**TASK DESCRIPTION**
Scan the listing below for the word "Geometric" and copy every line that has it.

**EXERCISE MATERIALS**

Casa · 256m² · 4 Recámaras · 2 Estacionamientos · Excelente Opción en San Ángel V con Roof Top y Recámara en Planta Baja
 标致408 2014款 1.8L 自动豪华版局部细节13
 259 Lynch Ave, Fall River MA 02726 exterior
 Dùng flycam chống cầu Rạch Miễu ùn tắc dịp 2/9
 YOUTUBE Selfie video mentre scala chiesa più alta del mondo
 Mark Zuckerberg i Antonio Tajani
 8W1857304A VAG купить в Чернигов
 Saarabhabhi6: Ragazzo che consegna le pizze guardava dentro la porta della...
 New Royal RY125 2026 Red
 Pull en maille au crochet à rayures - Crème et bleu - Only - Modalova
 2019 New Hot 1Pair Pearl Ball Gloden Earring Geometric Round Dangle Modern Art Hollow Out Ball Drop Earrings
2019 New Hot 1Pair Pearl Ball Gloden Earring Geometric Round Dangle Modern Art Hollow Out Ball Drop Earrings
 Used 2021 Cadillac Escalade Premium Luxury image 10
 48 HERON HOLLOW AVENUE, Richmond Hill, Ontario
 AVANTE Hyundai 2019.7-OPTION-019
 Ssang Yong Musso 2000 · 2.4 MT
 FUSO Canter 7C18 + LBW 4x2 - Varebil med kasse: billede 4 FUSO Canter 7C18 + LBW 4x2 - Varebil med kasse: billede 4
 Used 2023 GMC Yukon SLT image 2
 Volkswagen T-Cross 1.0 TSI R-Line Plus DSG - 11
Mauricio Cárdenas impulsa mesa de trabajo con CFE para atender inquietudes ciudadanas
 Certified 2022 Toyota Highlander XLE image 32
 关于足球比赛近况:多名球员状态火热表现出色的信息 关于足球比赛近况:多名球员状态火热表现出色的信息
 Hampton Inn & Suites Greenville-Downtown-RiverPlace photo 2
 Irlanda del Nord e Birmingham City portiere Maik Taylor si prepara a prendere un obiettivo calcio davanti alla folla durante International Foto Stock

**RESPONSE TO THE EXERCISE**
 2019 New Hot 1Pair Pearl Ball Gloden Earring Geometric Round Dangle Modern Art Hollow Out Ball Drop Earrings
2019 New Hot 1Pair Pearl Ball Gloden Earring Geometric Round Dangle Modern Art Hollow Out Ball Drop Earrings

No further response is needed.